====== DATA SECTION

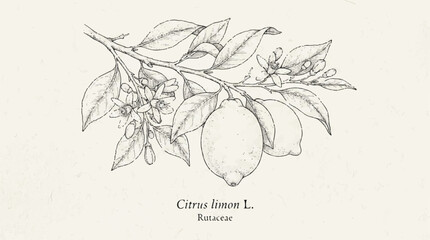 Fototapeta premium Delicate botanical illustration of a lemon on a branch with leaves and subtle shading.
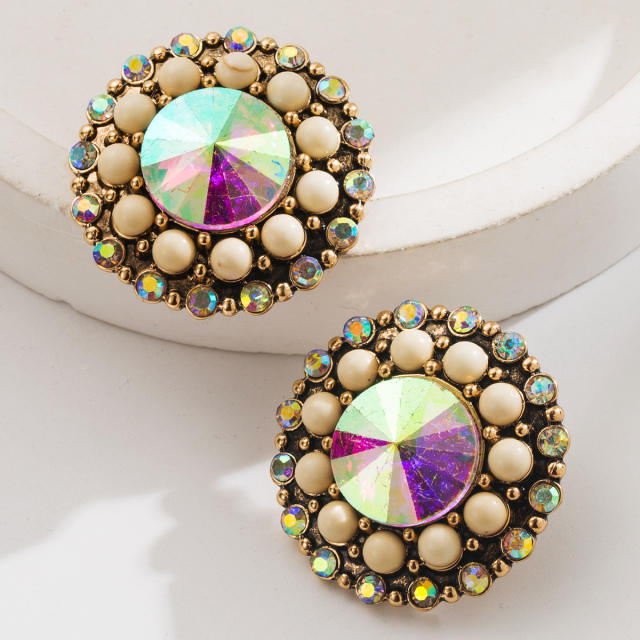 Hot sale western style vintage glass crystal statement studs earrings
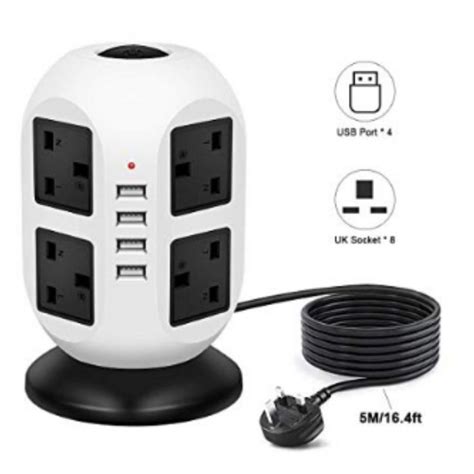 Power Strip Tower 4 Usb Ports 8 Way Outlets Charging Station 5m164ft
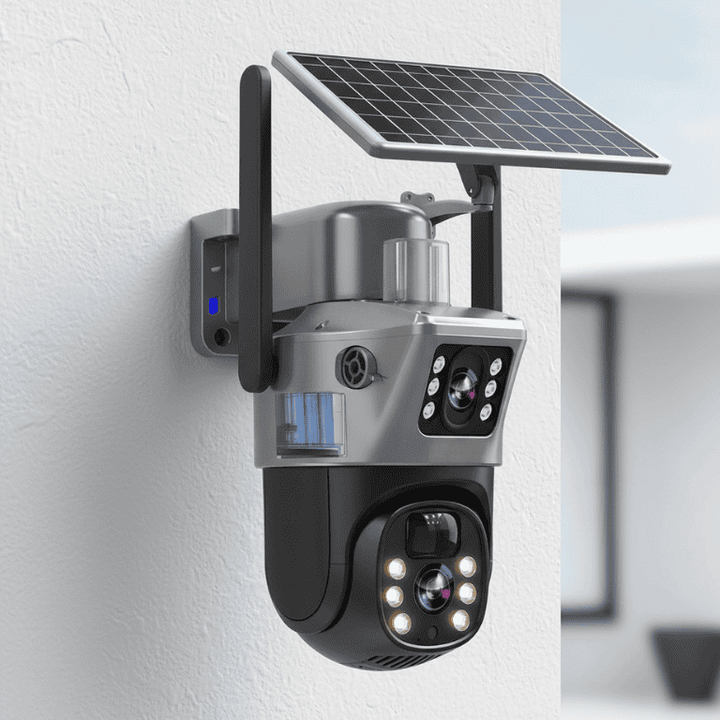 4K solar outdoor security camera with 360° pan-tilt-zoom view and wireless connectivity for smart homes.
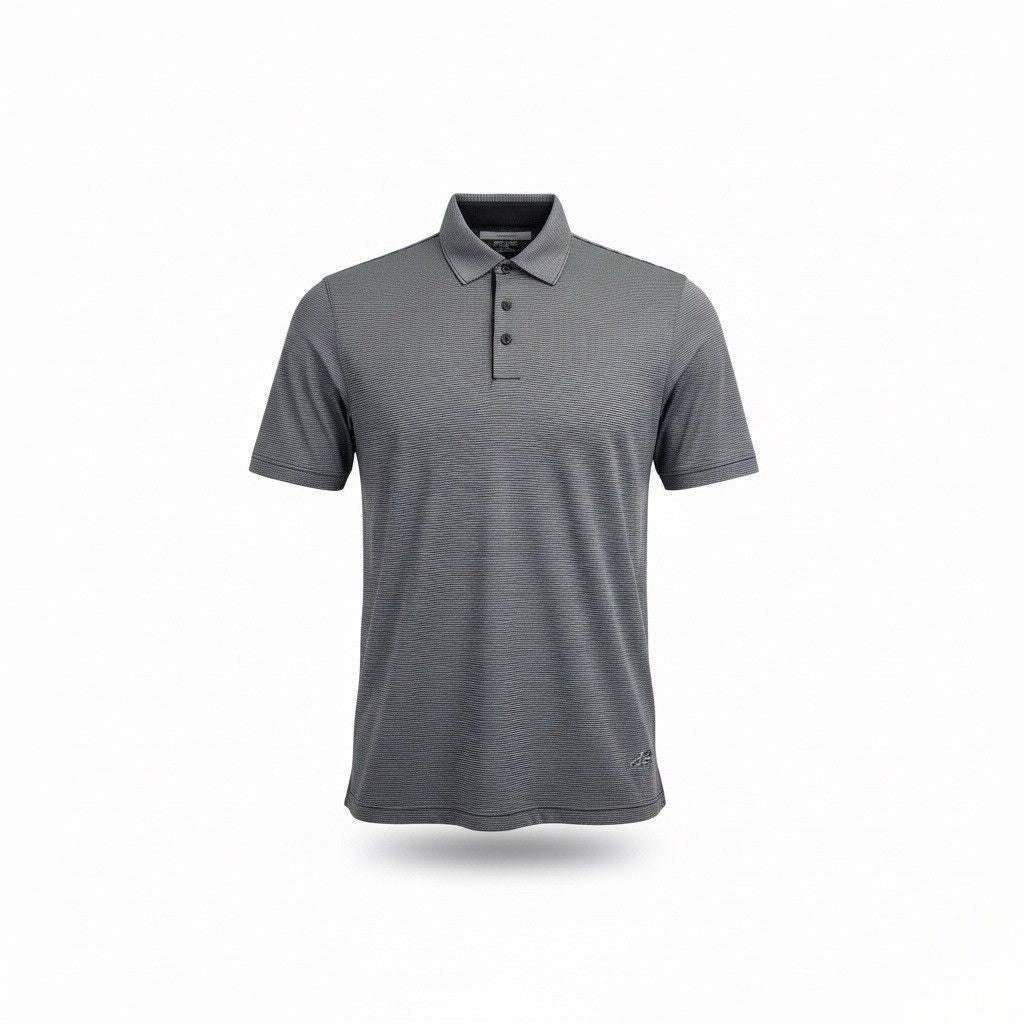 Greg Norman Play Dry Mens Gray Polyester Striped Polo Shirt  Size XL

============

● **TASK DESCRIPTION**: Transcribe every line of the records exactly. Pictures do not belong in the copy.

● **RESPONSE TO THIS EXERCISE**:
 Fototapeta premium Delicate botanical illustration of a lemon on a branch with leaves and subtle shading.
 Hot sale western style vintage glass crystal statement studs earrings
 Power Strip Tower 4 Usb Ports 8 Way Outlets Charging Station 5m164ft
 4K solar outdoor security camera with 360° pan-tilt-zoom view and wireless connectivity for smart homes.
 Greg Norman Play Dry Mens Gray Polyester Striped Polo Shirt  Size XL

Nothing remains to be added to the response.